And the the whole goal of Cortex is to create a culture of continuous improvement, reliability, enabling productivity. And you'll hear me talk about continuous improvement a lot and it's a theme that will keep coming up because when you think about developer portals, what we really want to do is help development teams get a little bit better than they were yesterday and the day before and the day before and you keep doing that and you have a great organization at the end of it all.

So today's agenda, we're gonna be talking a little about the tech landscape. What's happened over the last five years, the last decade? How do internal developer portals help with some of this stuff? And how do we help developers improve their own work as a result of all this change?

So last five years modernization, why now, why are we talking about developer portals? Now we have had an introduction of microservices, right? The last 10 years, microservices have become a big thing and there's been ups and downs in that journey. But generally people have headed in that direction of let's build small reusable things, let's have them all work together and it's enabled development teams to work parallel efficiently ship independently. In theory, assuming you're not building a distributed monolith. But you can move faster as an organization.

Kubernetes has kind of accelerated this where people can build very powerful internal platforms, deploy faster, operate things at scale, learn from each other. Obviously, cloud computing has been a big trend. It's made hosting cheaper storage cheaper again for the most part. And it's enabled teams to move faster, deploy quicker and get things for production faster.

And last but not least developers just have more tooling available to them, right? Every time we see a problem, a company, a product something spins up to help developers with those issues. Whether it's CI/CD, whether it's developer portals, better monitoring, alerting productivity tools, all these kinds of things have come up to help engineer organizations shift better.

And so at the end of it, all engineering organizations have become more efficient in the aggregate to a point.

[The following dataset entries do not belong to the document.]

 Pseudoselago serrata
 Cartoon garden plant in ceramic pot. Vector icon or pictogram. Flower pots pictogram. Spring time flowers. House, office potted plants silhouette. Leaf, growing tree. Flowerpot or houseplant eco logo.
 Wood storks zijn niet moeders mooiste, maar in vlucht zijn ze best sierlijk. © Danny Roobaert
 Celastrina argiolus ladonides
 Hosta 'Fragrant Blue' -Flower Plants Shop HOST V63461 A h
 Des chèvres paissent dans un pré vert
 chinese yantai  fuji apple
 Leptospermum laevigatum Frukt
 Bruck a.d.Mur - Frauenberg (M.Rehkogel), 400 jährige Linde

And so while microservices and Kubernetes and all this stuff have enabled parallel work, it's made it easier to build even more complex software.

Now you have organizations with hundreds of services named after game of thrones characters or things that you don't know and you get paged at 3am for something, you have no idea what it does. And so that volume and the complexity has made it very difficult to track ownership, you get paid for something. What does this thing do? Who owns it? Who do I talk to vulnerability comes up? Who's accountable for fixing it? It's very hard to capture that at scale.

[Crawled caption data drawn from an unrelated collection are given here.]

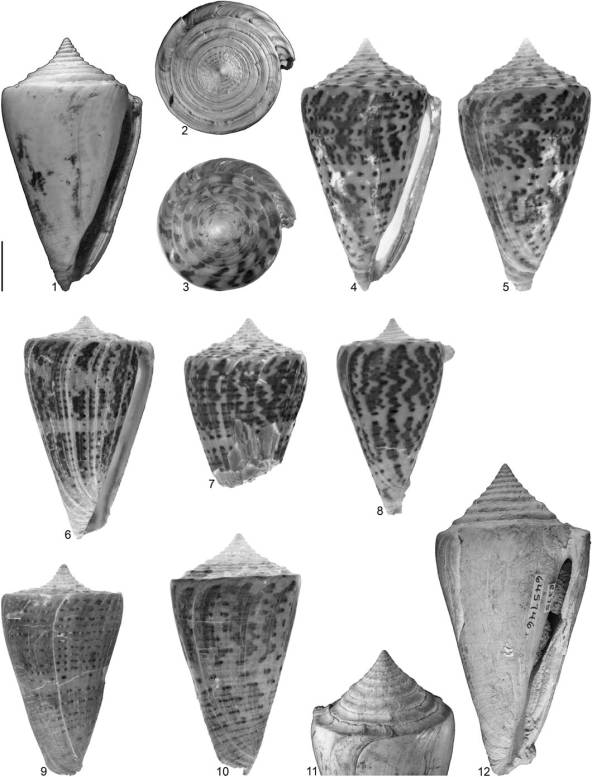 Risultati immagini per "conus taphrus"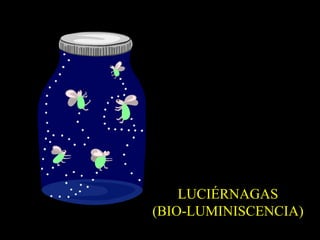 LUCIÉRNAGAS (BIO-LUMINISCENCIA) 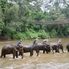 Elephants on the river Chiang Dao Elephant Jungle Trek with River Rafting on Ping River
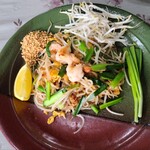 ソムタイ - ビーフン。付け合せのネギがすごくいいアクセント。全部混ぜていただきます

Cloud hosting. Yes, make things easier and cheaper. But because of that, we tend to use more of it. We're more free with deploying things to the cloud. And so now you deploy something, you haven't touched it in a year, maybe it's not even used anymore. But now you're paying for all that compute for all that storage.

And obviously everyone today is thinking about cloud cost optimization, but with all the tools, the tool sprawl the complexity, everything that we've now given developers to ideally make them better. We've now created more process and more noise and the signal to noise ratio is horrible, right?

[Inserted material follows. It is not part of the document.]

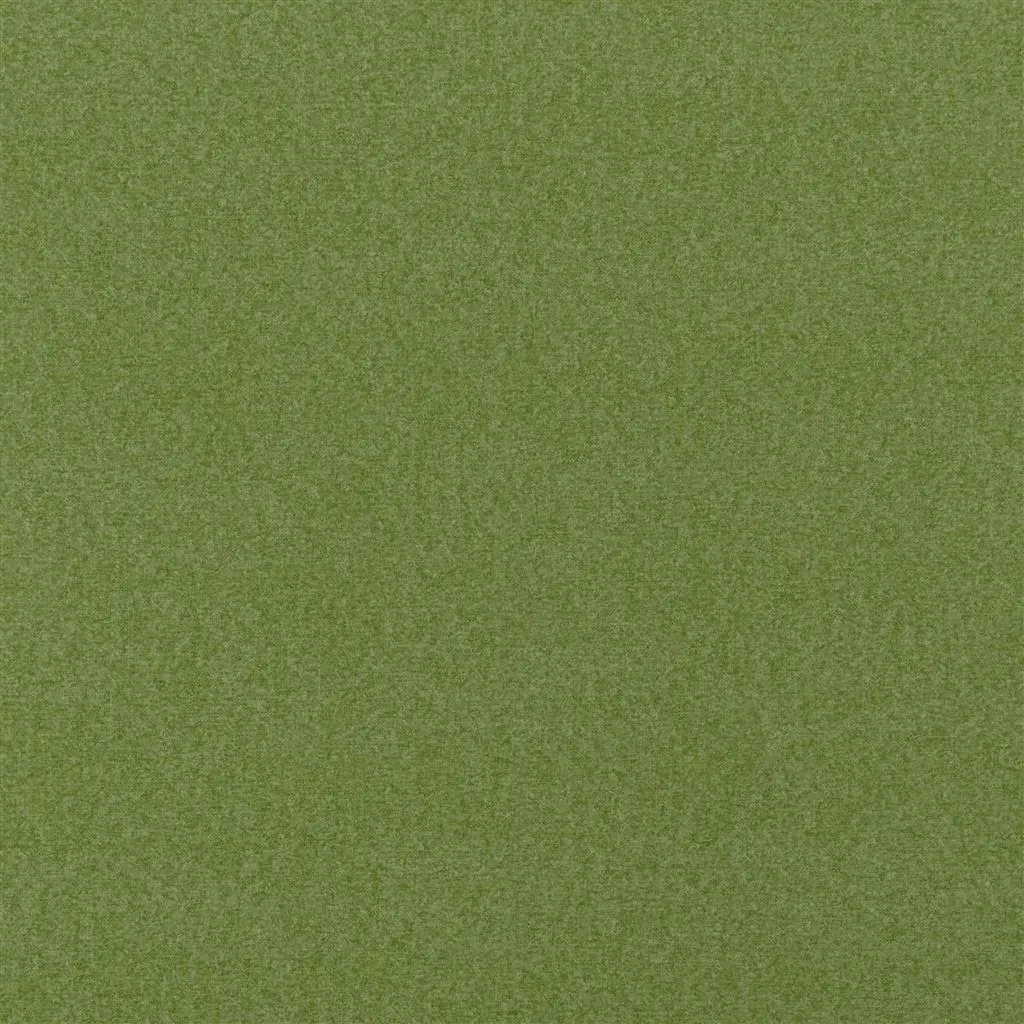 Ткань Designers Guild Loden FDG3009-13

Every developer has got five different teams asking them to do things. They have a production checklist, they need to go through to get something in production. Security is top of mind for everybody and none of these things are bad. These are all good things that we should be doing as organizations, but developers have been bottlenecks. There's so many things we need to think about.

So how do we cut through that noise and how do we make things even more efficient? And so when we took a look at the landscape of what tools are out there today to help organizations, we kind of put it in this major in this graph of do tools help drive quality or do they help drive velocity at the end of the day? Those are the kind of things we're thinking about as an organization.

And so we know one aspect of this is like monitoring tooling, APM, dev ops platforms. And so those are really focused on performance, right? It's like are things performing the way we expect them to? Are they, are we hitting breaching our SLOs are things in run time in the wild doing the things we expect them to do. It could also be things around like CI/CD and stuff like that where it's like, how do we move more quickly?

You have things like engineering intelligence and metrics. So it's more like the output of teams, like, are we shipping fast enough? Are we shipping often enough? How many incidents do we have, you know, are we getting bottlenecked and PR reviews? Stuff like that is interesting. It doesn't necessarily drive action, but it's tools that exist to help us kind of assess the situation of our organizations.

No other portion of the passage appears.